[Records from a collection]
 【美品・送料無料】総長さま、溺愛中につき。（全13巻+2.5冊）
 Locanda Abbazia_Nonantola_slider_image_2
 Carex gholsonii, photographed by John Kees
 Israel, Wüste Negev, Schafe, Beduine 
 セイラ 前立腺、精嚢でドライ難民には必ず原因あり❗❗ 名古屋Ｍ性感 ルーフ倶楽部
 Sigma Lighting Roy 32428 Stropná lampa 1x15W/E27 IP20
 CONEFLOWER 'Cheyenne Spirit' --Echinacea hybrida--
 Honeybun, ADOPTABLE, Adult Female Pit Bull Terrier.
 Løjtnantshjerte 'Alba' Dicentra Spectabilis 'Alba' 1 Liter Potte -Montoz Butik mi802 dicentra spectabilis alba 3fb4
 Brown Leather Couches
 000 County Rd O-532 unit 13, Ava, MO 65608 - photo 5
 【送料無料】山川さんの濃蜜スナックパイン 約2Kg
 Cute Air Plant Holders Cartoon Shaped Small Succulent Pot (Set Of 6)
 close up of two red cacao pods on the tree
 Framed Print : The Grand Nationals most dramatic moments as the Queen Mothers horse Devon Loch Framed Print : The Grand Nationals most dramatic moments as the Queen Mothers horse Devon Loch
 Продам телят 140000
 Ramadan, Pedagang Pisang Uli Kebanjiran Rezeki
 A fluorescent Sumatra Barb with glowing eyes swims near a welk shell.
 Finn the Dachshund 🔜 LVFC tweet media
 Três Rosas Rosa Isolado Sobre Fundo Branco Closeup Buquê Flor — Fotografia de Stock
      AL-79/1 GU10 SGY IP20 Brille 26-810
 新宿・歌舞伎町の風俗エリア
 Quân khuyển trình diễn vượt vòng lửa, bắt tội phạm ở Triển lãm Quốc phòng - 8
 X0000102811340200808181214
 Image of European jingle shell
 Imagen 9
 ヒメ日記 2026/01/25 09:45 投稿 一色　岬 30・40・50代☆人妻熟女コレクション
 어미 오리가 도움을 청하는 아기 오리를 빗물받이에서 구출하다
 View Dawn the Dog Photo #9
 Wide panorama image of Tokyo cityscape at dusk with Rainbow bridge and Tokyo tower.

◆ **TASK DIRECTIONS**
Copy every record exactly, with nothing added or dropped.

◆ **SOLUTION TO THE EXERCISE**
 【美品・送料無料】総長さま、溺愛中につき。（全13巻+2.5冊）
 Locanda Abbazia_Nonantola_slider_image_2
 Carex gholsonii, photographed by John Kees
 Israel, Wüste Negev, Schafe, Beduine 
 セイラ 前立腺、精嚢でドライ難民には必ず原因あり❗❗ 名古屋Ｍ性感 ルーフ倶楽部
 Sigma Lighting Roy 32428 Stropná lampa 1x15W/E27 IP20
 CONEFLOWER 'Cheyenne Spirit' --Echinacea hybrida--
 Honeybun, ADOPTABLE, Adult Female Pit Bull Terrier.
 Løjtnantshjerte 'Alba' Dicentra Spectabilis 'Alba' 1 Liter Potte -Montoz Butik mi802 dicentra spectabilis alba 3fb4
 Brown Leather Couches
 000 County Rd O-532 unit 13, Ava, MO 65608 - photo 5
 【送料無料】山川さんの濃蜜スナックパイン 約2Kg
 Cute Air Plant Holders Cartoon Shaped Small Succulent Pot (Set Of 6)
 close up of two red cacao pods on the tree
 Framed Print : The Grand Nationals most dramatic moments as the Queen Mothers horse Devon Loch Framed Print : The Grand Nationals most dramatic moments as the Queen Mothers horse Devon Loch
 Продам телят 140000
 Ramadan, Pedagang Pisang Uli Kebanjiran Rezeki
 A fluorescent Sumatra Barb with glowing eyes swims near a welk shell.
 Finn the Dachshund 🔜 LVFC tweet media
 Três Rosas Rosa Isolado Sobre Fundo Branco Closeup Buquê Flor — Fotografia de Stock
      AL-79/1 GU10 SGY IP20 Brille 26-810
 新宿・歌舞伎町の風俗エリア
 Quân khuyển trình diễn vượt vòng lửa, bắt tội phạm ở Triển lãm Quốc phòng - 8
 X0000102811340200808181214
 Image of European jingle shell
 Imagen 9
 ヒメ日記 2026/01/25 09:45 投稿 一色　岬 30・40・50代☆人妻熟女コレクション
 어미 오리가 도움을 청하는 아기 오리를 빗물받이에서 구출하다
 View Dawn the Dog Photo #9
 Wide panorama image of Tokyo cityscape at dusk with Rainbow bridge and Tokyo tower.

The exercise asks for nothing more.